Assignment: From the entries below, list each line with "Size".

(Data for analysis)

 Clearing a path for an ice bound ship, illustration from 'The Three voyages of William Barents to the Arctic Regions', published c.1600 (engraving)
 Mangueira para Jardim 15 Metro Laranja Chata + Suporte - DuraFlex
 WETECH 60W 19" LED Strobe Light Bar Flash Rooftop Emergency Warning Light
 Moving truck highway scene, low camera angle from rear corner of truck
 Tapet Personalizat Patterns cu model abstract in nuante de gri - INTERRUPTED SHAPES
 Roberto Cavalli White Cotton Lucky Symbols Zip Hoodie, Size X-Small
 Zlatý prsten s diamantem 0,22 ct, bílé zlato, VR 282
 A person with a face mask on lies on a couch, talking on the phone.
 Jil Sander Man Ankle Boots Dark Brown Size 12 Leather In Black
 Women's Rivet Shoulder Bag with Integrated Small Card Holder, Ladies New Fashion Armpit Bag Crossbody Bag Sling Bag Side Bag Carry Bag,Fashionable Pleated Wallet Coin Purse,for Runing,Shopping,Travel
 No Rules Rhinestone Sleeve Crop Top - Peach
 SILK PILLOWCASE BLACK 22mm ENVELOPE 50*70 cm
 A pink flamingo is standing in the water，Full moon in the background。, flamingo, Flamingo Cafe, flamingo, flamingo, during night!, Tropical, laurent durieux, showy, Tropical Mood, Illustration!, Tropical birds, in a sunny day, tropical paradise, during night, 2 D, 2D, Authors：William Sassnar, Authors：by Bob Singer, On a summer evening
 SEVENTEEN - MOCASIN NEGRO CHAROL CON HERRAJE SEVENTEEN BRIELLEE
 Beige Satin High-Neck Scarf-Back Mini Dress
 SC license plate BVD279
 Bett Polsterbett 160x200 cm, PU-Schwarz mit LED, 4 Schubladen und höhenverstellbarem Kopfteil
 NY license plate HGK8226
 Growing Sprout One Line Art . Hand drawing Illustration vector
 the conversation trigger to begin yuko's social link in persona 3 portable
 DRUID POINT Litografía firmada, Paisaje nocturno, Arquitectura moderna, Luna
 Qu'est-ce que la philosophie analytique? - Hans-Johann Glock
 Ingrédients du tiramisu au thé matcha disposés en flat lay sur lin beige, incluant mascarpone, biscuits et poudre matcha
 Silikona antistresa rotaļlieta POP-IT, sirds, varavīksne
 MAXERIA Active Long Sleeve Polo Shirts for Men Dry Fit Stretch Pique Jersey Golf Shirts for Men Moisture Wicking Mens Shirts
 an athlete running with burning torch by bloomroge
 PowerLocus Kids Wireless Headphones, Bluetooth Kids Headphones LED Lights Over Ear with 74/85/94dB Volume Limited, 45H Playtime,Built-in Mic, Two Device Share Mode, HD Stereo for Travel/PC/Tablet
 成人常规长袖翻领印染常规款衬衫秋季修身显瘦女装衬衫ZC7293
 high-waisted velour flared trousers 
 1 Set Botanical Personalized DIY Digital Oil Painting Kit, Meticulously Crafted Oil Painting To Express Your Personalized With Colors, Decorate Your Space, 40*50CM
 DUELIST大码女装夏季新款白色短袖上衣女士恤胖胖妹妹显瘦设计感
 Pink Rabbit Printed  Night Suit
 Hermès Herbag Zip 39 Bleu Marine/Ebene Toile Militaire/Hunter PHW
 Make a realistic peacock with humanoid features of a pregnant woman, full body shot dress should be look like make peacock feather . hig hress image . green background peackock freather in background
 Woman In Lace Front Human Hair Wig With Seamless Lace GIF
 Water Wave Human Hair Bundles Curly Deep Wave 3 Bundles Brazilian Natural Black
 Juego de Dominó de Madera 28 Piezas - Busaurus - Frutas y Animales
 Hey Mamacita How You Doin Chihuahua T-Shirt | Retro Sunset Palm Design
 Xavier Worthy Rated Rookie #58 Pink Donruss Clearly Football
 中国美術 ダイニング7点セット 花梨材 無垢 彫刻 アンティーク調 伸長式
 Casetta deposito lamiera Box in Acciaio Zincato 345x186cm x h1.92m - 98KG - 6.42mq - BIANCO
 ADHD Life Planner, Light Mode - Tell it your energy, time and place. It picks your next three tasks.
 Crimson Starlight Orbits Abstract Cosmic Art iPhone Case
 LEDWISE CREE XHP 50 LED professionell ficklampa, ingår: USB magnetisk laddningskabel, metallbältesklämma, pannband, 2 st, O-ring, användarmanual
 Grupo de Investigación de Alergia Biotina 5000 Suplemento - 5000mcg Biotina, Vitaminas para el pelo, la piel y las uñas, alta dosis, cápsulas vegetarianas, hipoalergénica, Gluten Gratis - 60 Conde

(End Data for analysis)

Response for this exercise:
 Roberto Cavalli White Cotton Lucky Symbols Zip Hoodie, Size X-Small
 Jil Sander Man Ankle Boots Dark Brown Size 12 Leather In Black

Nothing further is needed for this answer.